Exhibit 99.4
LETTER TO CLIENTS OF BROKERS, DEALERS, COMMERCIAL BANKS, TRUST
COMPANIES AND OTHER NOMINEES
Offer To Exchange
Warrants to Acquire Shares of Common Stock of
WAITR HOLDINGS INC.
for
Shares of Common Stock of Waitr Holdings Inc. and Consent Solicitation
THE OFFER AND CONSENT SOLICITATION (AS DEFINED BELOW) AND WITHDRAWAL RIGHTS WILL EXPIRE AT 11:59 P.M., EASTERNSTANDARD TIME, ON FEBRUARY 22, 2019, OR SUCH LATER TIME AND DATE TO WHICH WE MAY EXTEND. PUBLIC WARRANTS (AS DEFINED BELOW) TENDERED PURSUANT TO THE OFFER AND CONSENT SOLICITATION MAY BE WITHDRAWN PRIOR TO THE EXPIRATION DATE (AS DEFINED BELOW). CONSENTS MAY BE REVOKED ONLY BY WITHDRAWING THE TENDER OF THE RELATED PUBLIC WARRANTS AND THE WITHDRAWAL OF ANY PUBLIC WARRANTS WILL AUTOMATICALLY CONSTITUTE A REVOCATION OF THE RELATED CONSENTS.
January 25, 2019
To Our Clients:
Enclosed for your consideration are the Prospectus/Offer to Exchange dated January 25, 2019 and the related Letter of Transmittal and Consent (the “Letter of Transmittal and Consent”), which together set forth the offer of Waitr Holdings Inc., a Delaware corporation (the “Company”), to each holder of the Company’s publicly traded warrants (the “public warrants”) to purchase shares of the Company’s common stock, par value $0.0001 per share (“common stock”), to receive 0.18 shares of common stock in exchange for each public warrant tendered by the holder and exchanged pursuant to the offer (the “Offer”). The Offer is made solely upon the terms and conditions in the Prospectus/Offer to Exchange and in the Letter of Transmittal and Consent. The Offer will be open until 11:59 p.m., Eastern Standard Time, on February 22, 2019, or such later time and date to which the Company may extend. The period during which the Offer is open, giving effect to any withdrawal or extension, is referred to as the “Offer Period.” The date and time at which the Offer Period ends is referred to as the “Expiration Date.”
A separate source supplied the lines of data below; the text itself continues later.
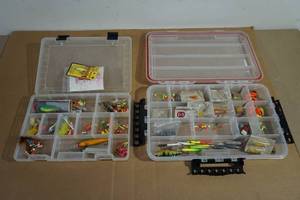 Plastic Tackle Trays with Tackle - Jigs, Crank Baits
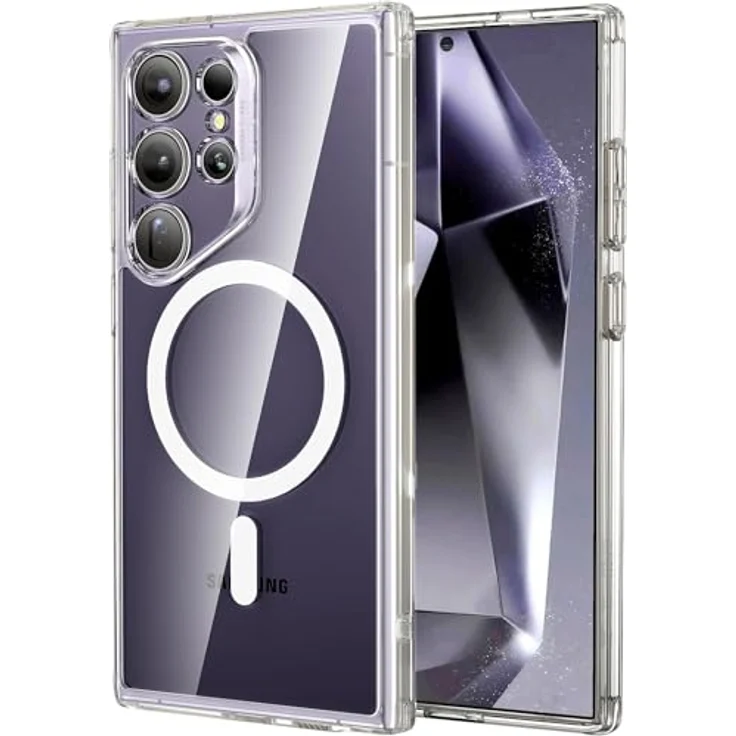ESR Samsung Galaxy S24 Ultra Hülle, magnetisch und MagSafe kompatibel, Militärschutz, klar und vergilbungsbeständig – Bild 1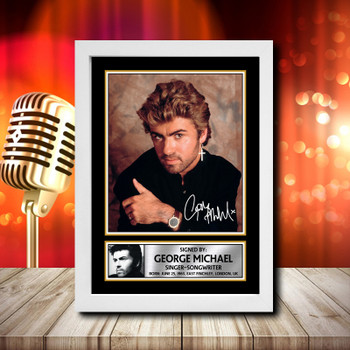 George Michael 1 - Signed Autographed Music Star Print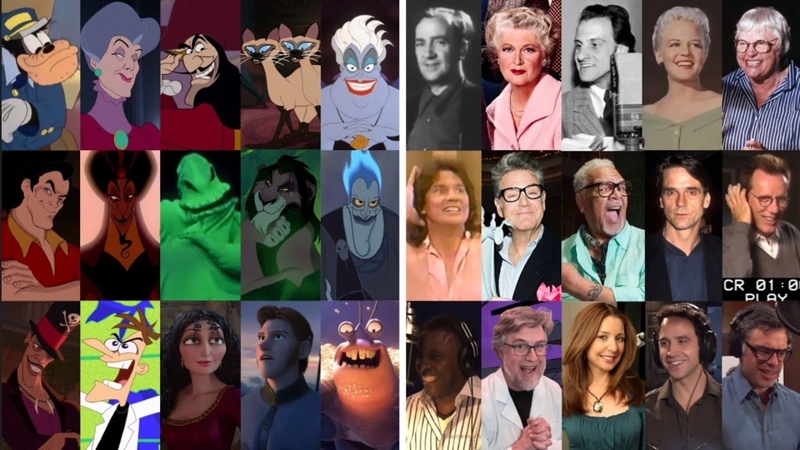 Disney Villains, Live Vs Animation, Side By Side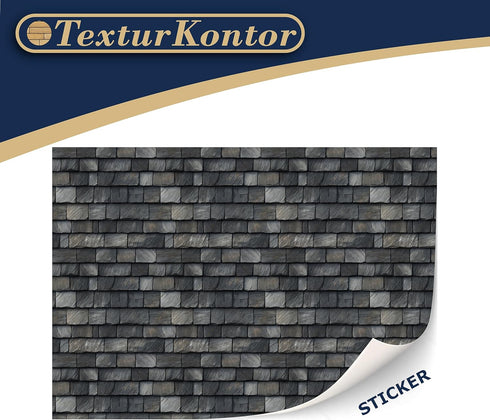 3 Sheets Self-Adhesive Roof Tiles and Shingles for Dollhouses Scale 1:12 (Roof shingles slate)...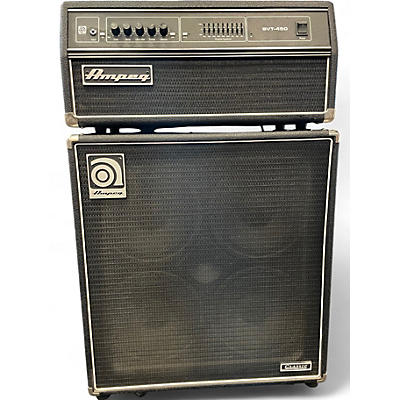 Used Ampeg SVT-450 Bass Amp Head & 410HE Cabinet Bass Stack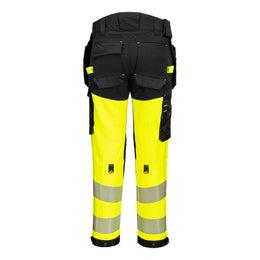 PW-EV442 EV4 Warnschutz Stretch Bundhose Klasse 1 mit abnehmbaren Holstertaschen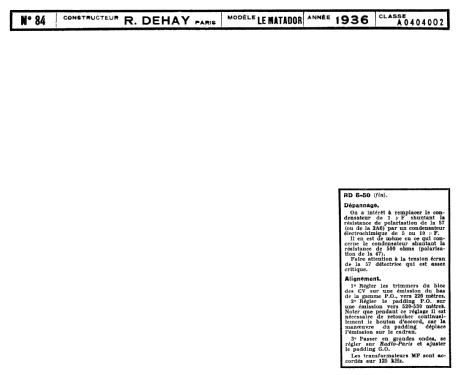 RD5-50; RD Radio, Éts. R. (ID = 2141968) Radio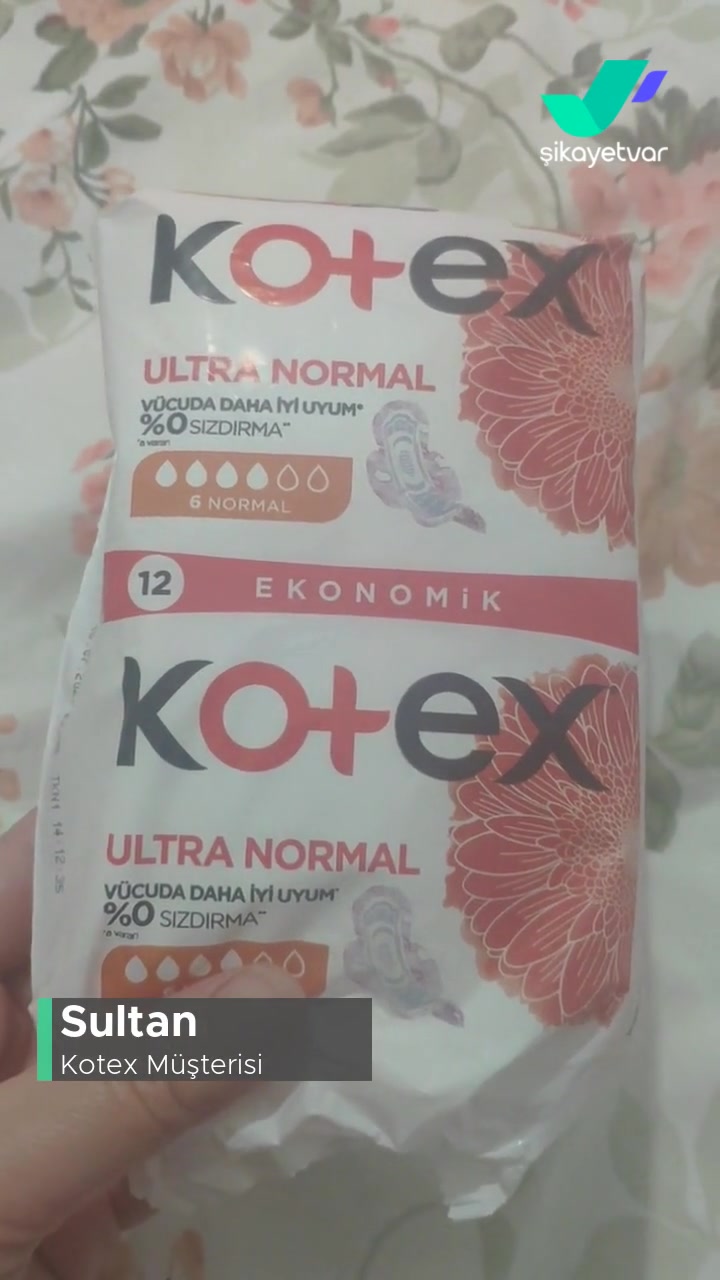 Kotex Ultra Normal Ped Mantar Ve Enfeksiyona Sebep Oldu! videonun kapak resmi
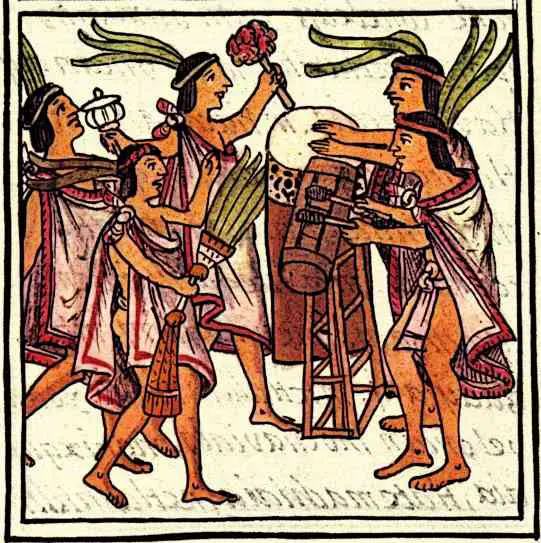 Aztec Drums and Musicians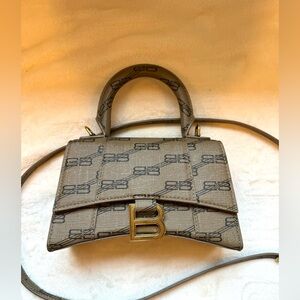 Balenciaga Small Hourglass Top Handle Bag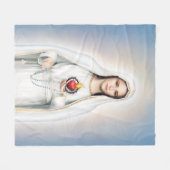 Fatima, Immaculate Heart Medium Fleece Blanket Deken (Voorkant (Horizontaal))
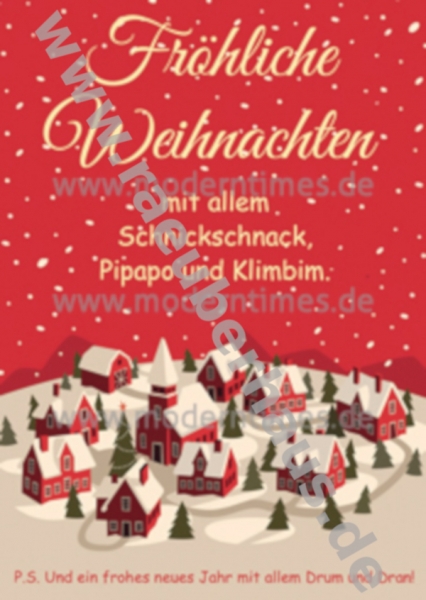 Fröhliche Weihnachten mit Allem, Postkarte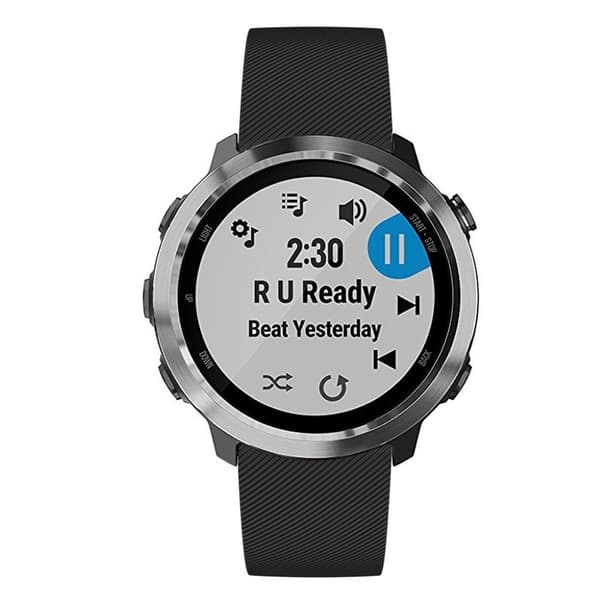 Garmin Forerunner 645 silikoneurrem med vævet mønster - sort Black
The Offer is being made to all holders of the Company’s publicly traded warrants to purchase shares of its common stock, which were originally issued in connection with the Company’s initial public offering on June 1, 2016 and entitle such warrant holders to purchaseone-half of one share of common stock for a purchase price of $5.75 perone-half share ($11.50 per whole share). The Company’s common stock is listed on The Nasdaq Global Select Market (“Nasdaq”) under the symbol “WTRH,” and the Company’s public warrants are quoted on the OTC Pink marketplace maintained by OTC Market Groups, Inc. under the symbol “WTRHW.” As of January 25, 2019, 25,000,000 public warrants were outstanding. Pursuant to the Offer, the Company is offering up to an aggregate of 4,500,000 shares of common stock in exchange for the public warrants.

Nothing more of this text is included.